Understanding Electronic Transport Mechanism in Organic Films Using Marcus Hopping Model

Physicists at the Research Cluster Center for Advancing Electronics Dresden (cfaed) of the TU Dresden, in collaboration with scientists from Belgium, Spain, and Germany, could demonstrate the behavior of electrons upon being injected into organic semiconductor films.

Device schematics. (a) Schematic cross section of the device. (b) Hot-electron transistor operation. Electrons are injected by applying a negative emitter-base bias, and detected in the molecular semiconductor. These electrons are out of equilibrium with the thermal electrons in the base which cannot be described by a larger temperature. The measurements can be performed either without or with externally applied collector-base bias. (Image credit: TU Dresden)

Experiments and simulations found various transport regimes.

The processes of charge transfer play a key role in each electronic and optoelectronic device. In organic thin-film technology-based devices, charge transfer processes include the addition of the charge carriers through metallic contacts and the charge transport in the organic film itself. Here, the processes of injection at the contacts have gained increasing attention because the contact resistances at the interfaces ought to be reduced for optimum device efficiency. But such internal interfaces are difficult to access and hence not yet understood exactly.
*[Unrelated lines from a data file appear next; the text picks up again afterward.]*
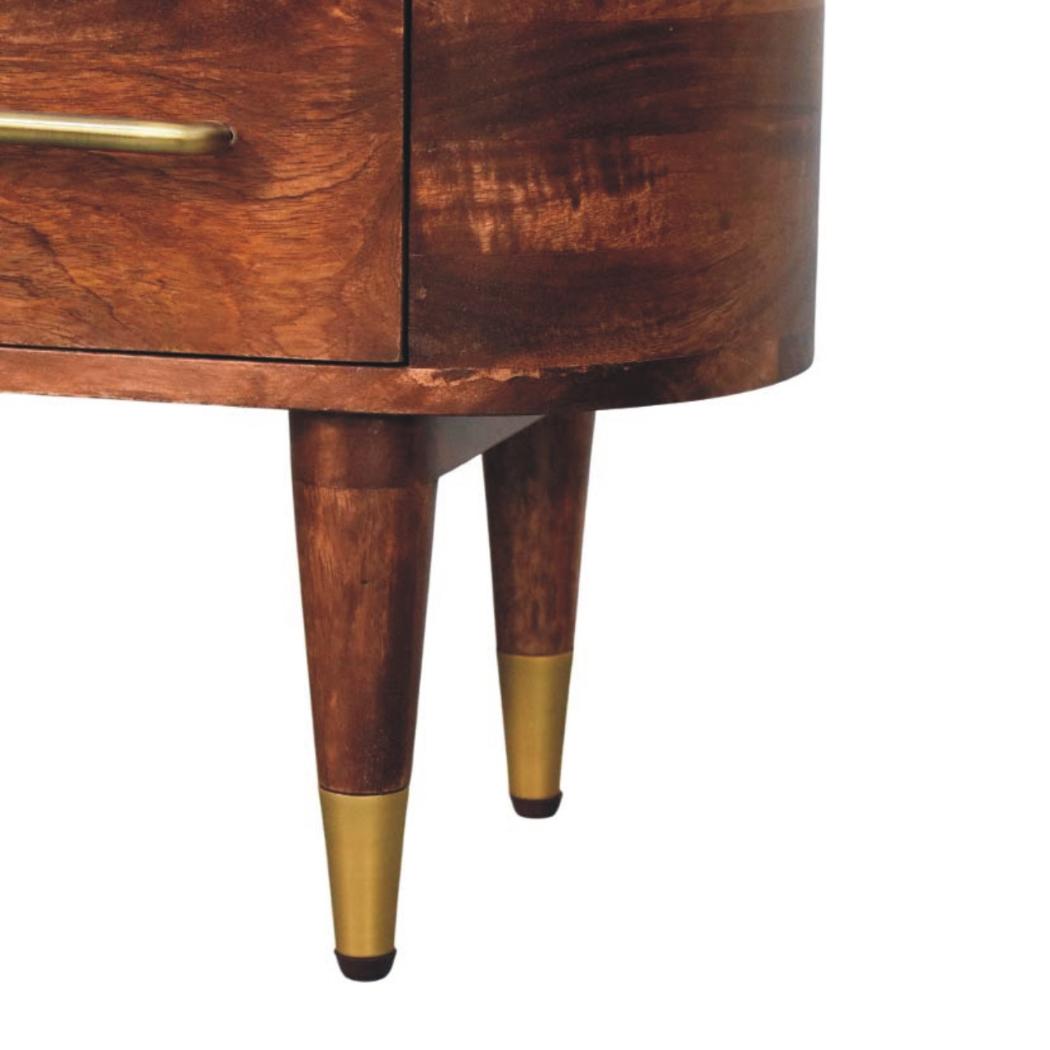 Valenza Curved Media Console | Solid Mango Wood | Roasted Almond Finish | 2 Drawer TV Entertainment Unit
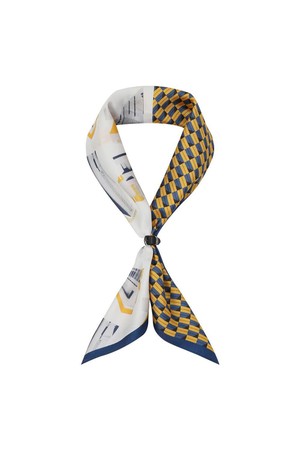 실크100 패턴 정사각 스카프 블루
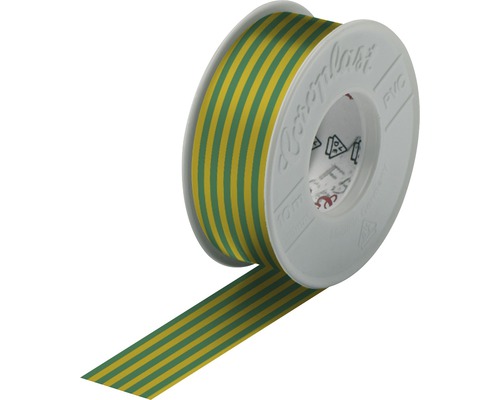 Bande d'isolation Coroplast 15mm x 10m vert jaune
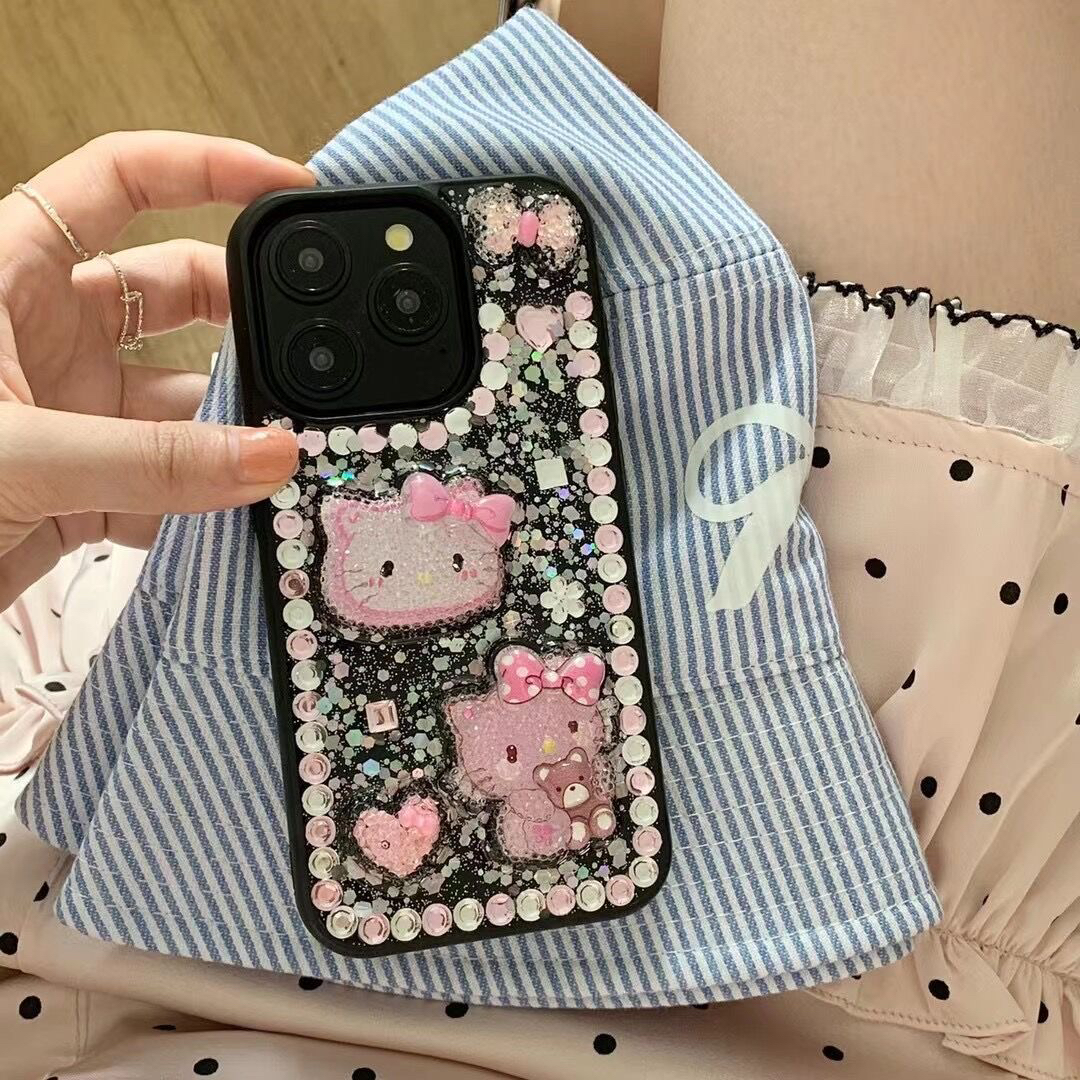 可爱卡通立体HelloKitty手机壳适用小米15 14 13 12 11青春版 10pro闪粉滴胶cc9小众civ4pro 3 1s 软壳保护套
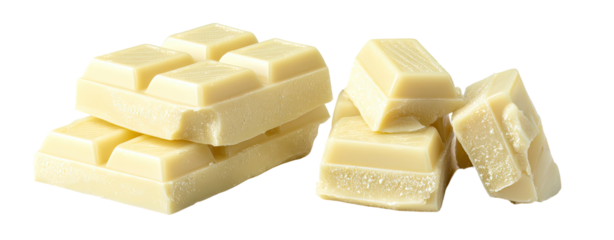 Stacked and broken pieces of white chocolate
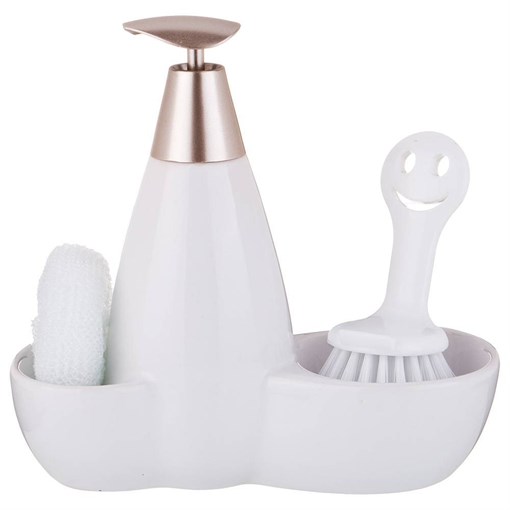 Дозатор для моющего средства 500 мл + губка и щетка 20*9*18 см - фото 399963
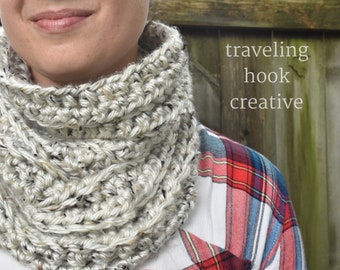 CROCHET PATTERN // Chunky Ridge Cowl Super Bulky Classic Ribbed Crochet Scarf for Adults and Teens, Men and Women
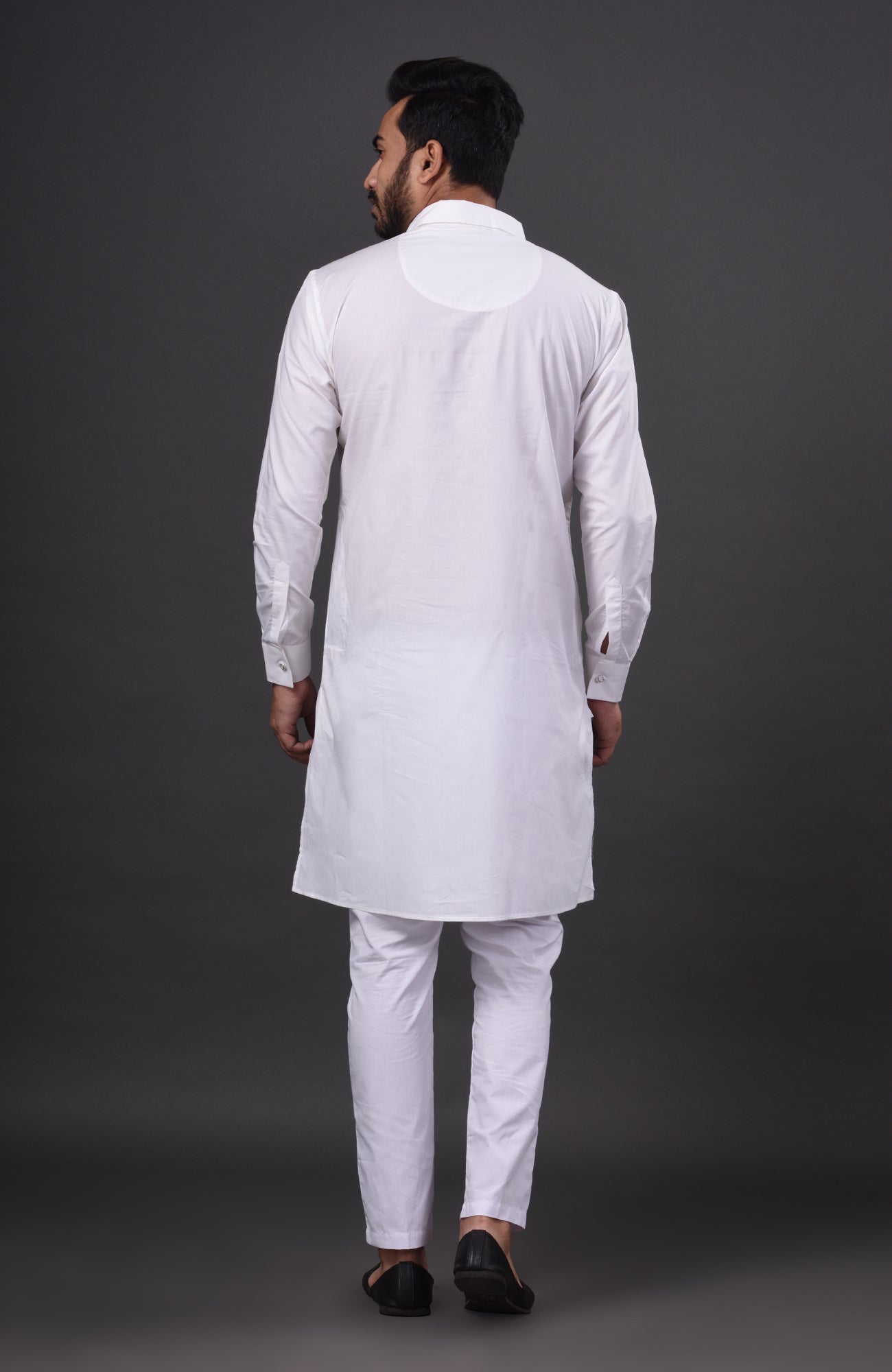 HAMSAFAR Men’s White Cotton Casual Pathani Kurta and Pyjama Set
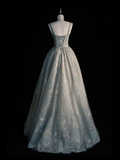 Light Blue Straps A-Line Tulle Lace Long Formal Prom Dress HZ0319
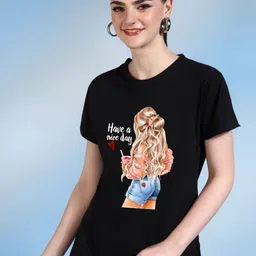 Moda Rapido Women Printed Bio Finish T-shirt-image-88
Currently, the team of cfaed research group leader Frank Ortmann (Computational Nanoelectronics Group), in collaboration with scientists from Belgium, Spain, and Germany, has shown in a study that the introduction of electronic transport mechanism into an organic film can be explained by what is called the Marcus hopping model from physical chemistry. Rudolph Arthur Marcus, an American chemist, developed this model. The comparative experimental and theoretical investigations clearly determined the transport regimes predicted in the Marcus theory.

The predictions derived by R.A. Marcus in the context of chemical synthesis in the 1950s, in particular the so-called ‘inverted Marcus regime’, could only be confirmed many decades later by systematic experiments on chemical reactions. For his important theoretical contributions, R.A. Marcus received the Nobel Prize for Chemistry in 1992. Now, the observation of the ‘Inverted Marcus Region’, in which a higher voltage generates a lower current, succeeded for the first time in an organic transistor, in which the injection voltage can be actively controlled.

Frank Ortmann, cfaed Research Group Leader, TU Dresden

Generally, this study gives better insights into electronic and optoelectronic organic devices. The study has been published on May 7th, 2019, in Nature Communications.